Task directions: The records below need to be set down again exactly; their images stay out.

Data listing:

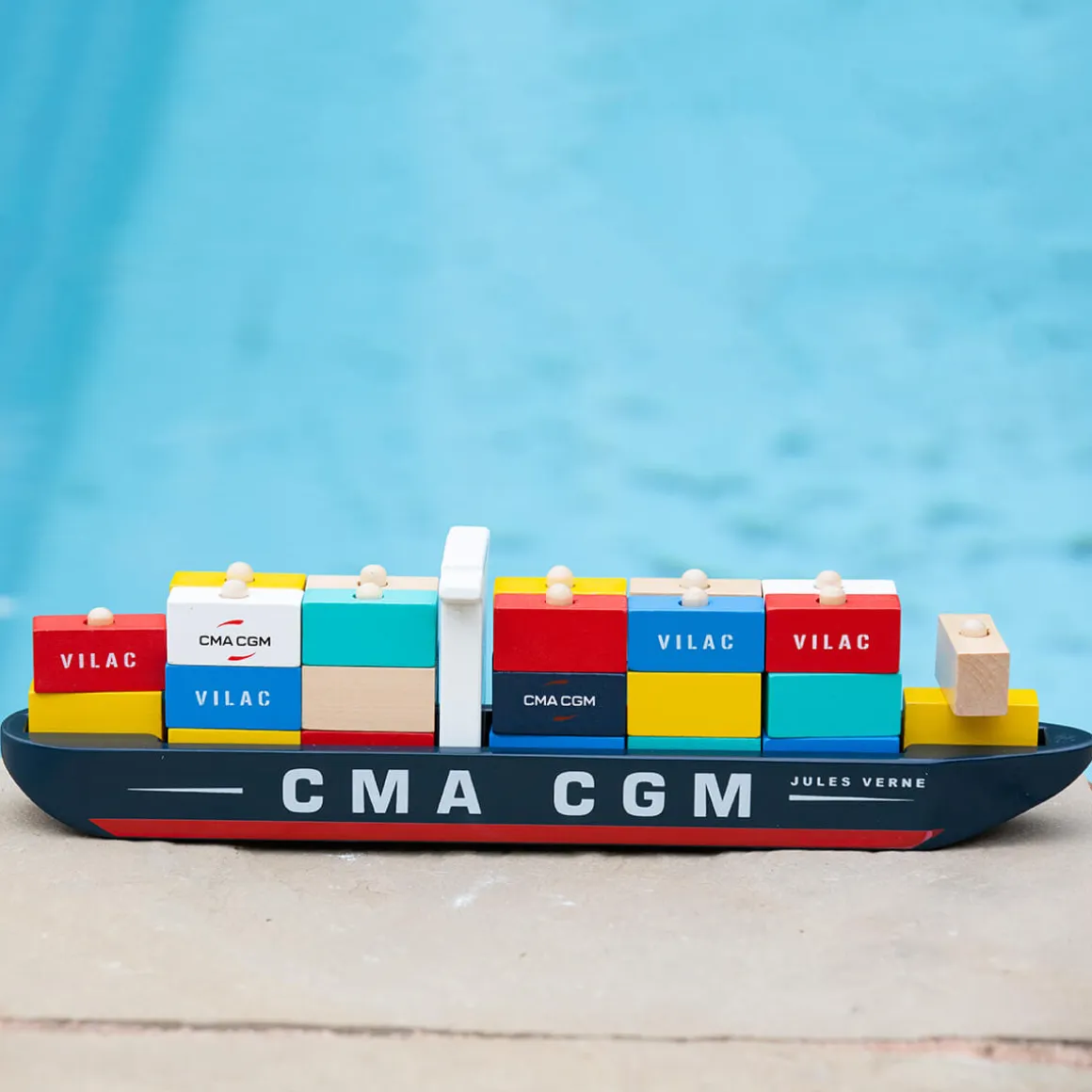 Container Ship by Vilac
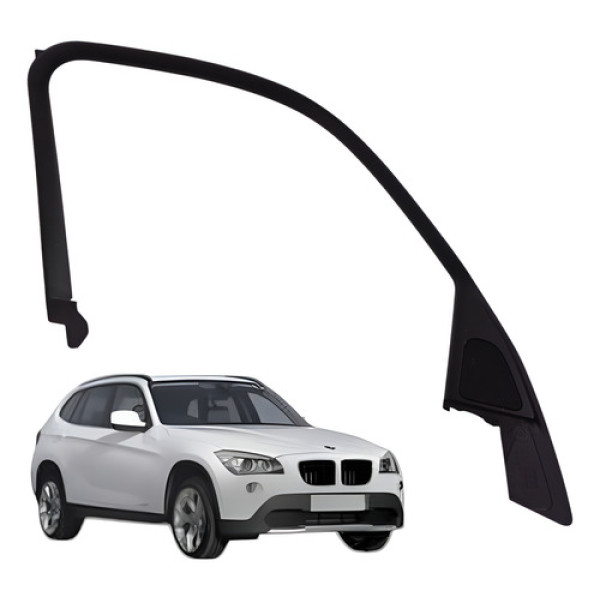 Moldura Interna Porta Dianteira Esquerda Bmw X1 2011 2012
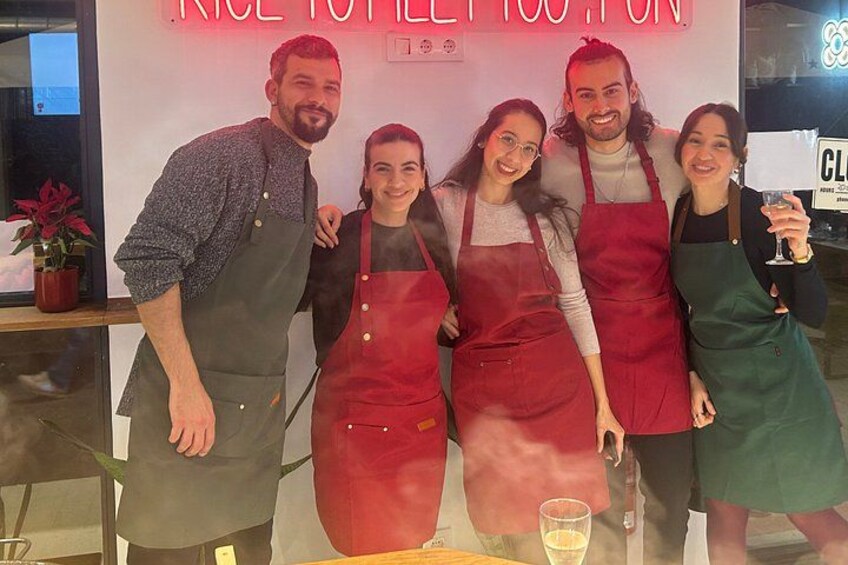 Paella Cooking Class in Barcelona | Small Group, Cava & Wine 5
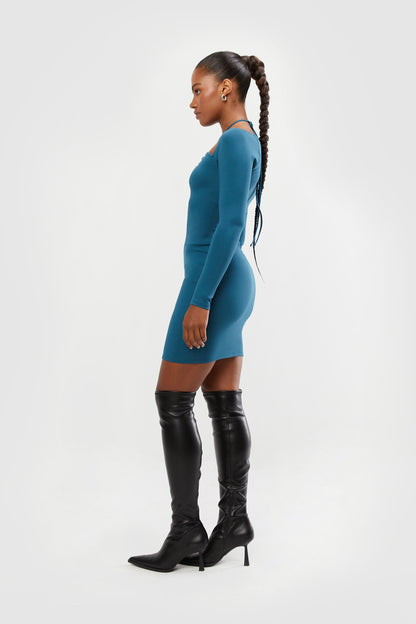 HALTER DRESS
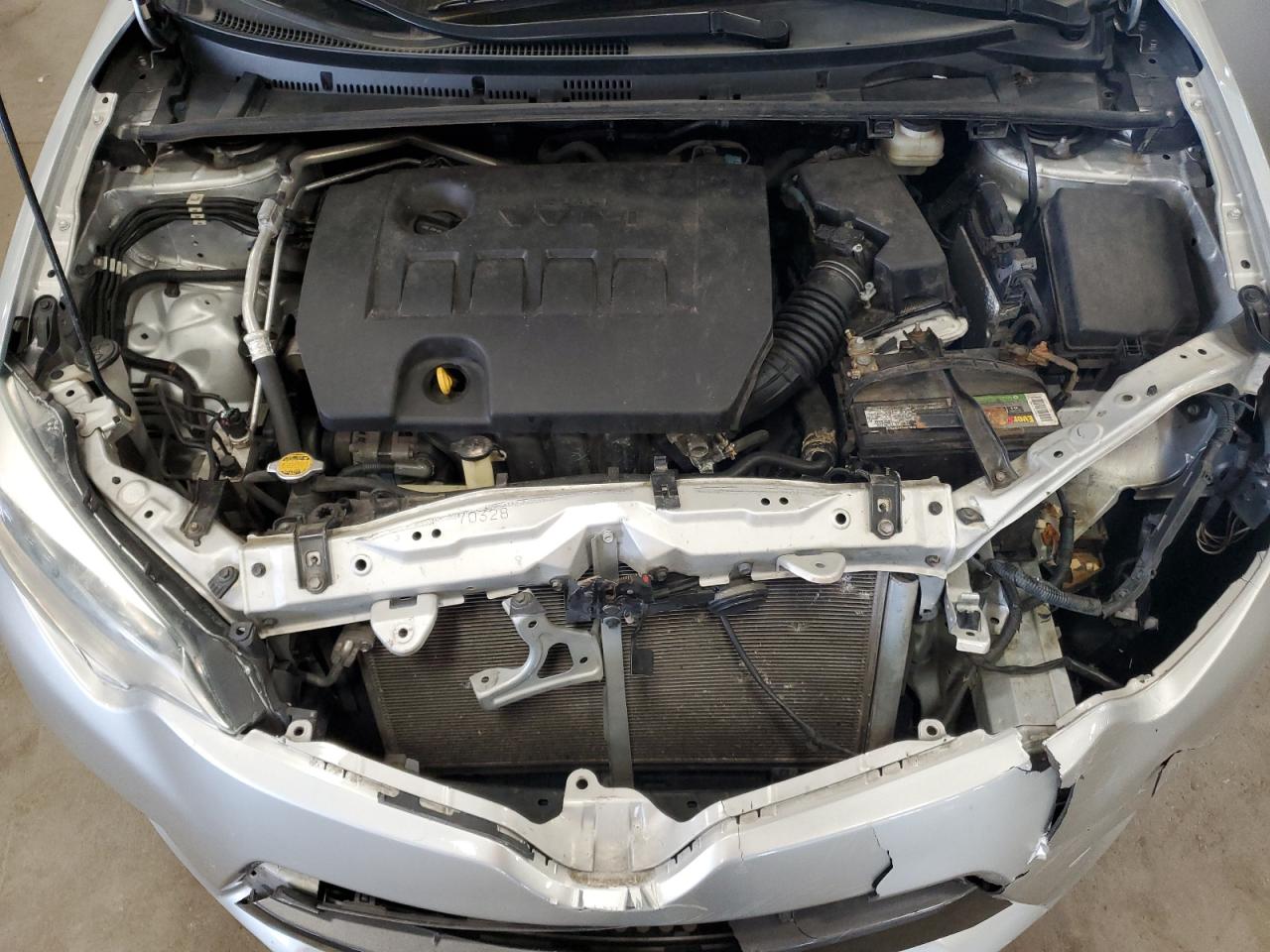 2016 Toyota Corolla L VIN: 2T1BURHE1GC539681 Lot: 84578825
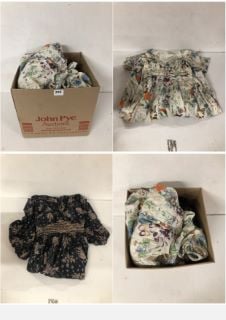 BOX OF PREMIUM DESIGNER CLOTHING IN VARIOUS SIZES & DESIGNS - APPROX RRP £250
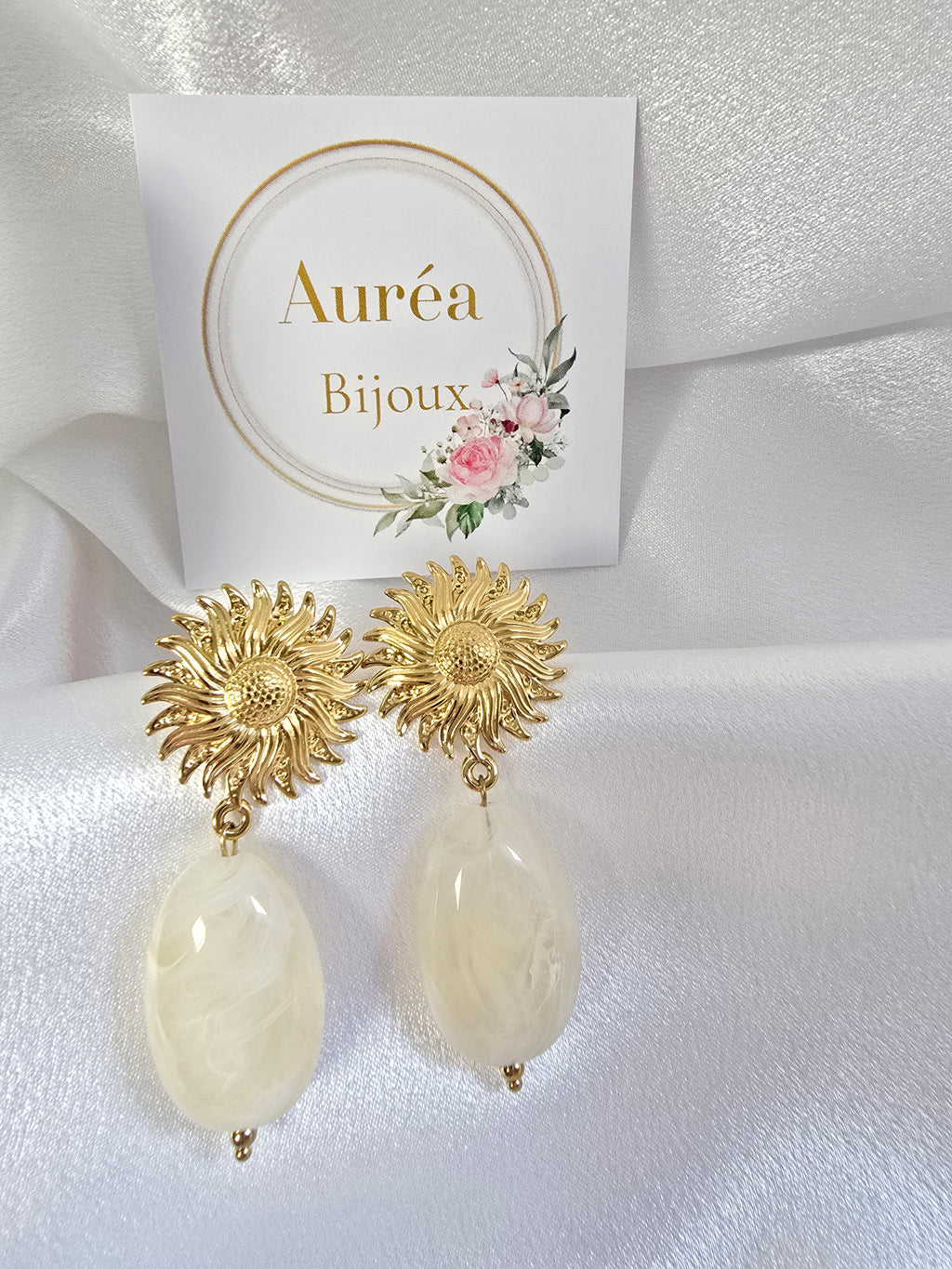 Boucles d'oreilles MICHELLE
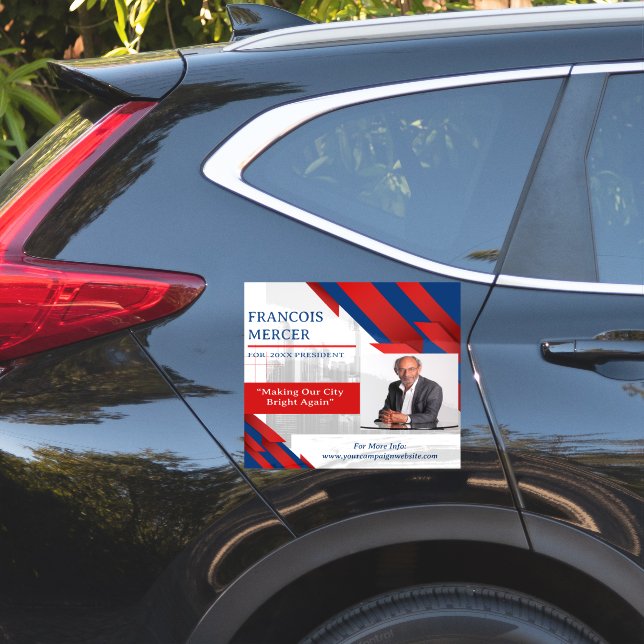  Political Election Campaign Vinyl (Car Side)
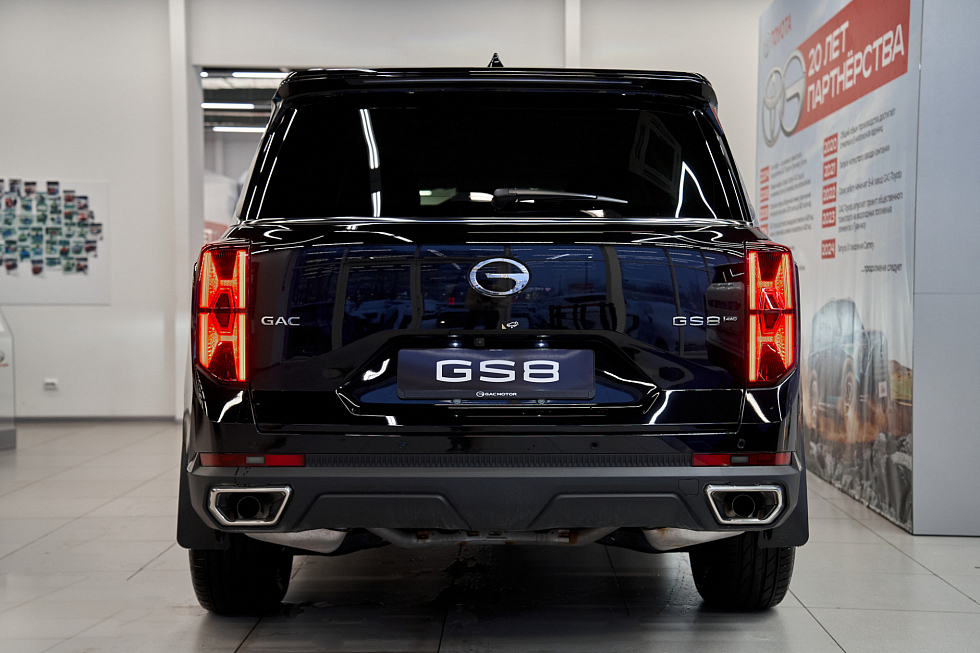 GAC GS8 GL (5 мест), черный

Solved problem:
 Container Ship by Vilac
 Moldura Interna Porta Dianteira Esquerda Bmw X1 2011 2012
 Paella Cooking Class in Barcelona | Small Group, Cava & Wine 5
 HALTER DRESS
 2016 Toyota Corolla L VIN: 2T1BURHE1GC539681 Lot: 84578825
 BOX OF PREMIUM DESIGNER CLOTHING IN VARIOUS SIZES & DESIGNS - APPROX RRP £250
 Boucles d'oreilles MICHELLE
  Political Election Campaign Vinyl (Car Side)
 GAC GS8 GL (5 мест), черный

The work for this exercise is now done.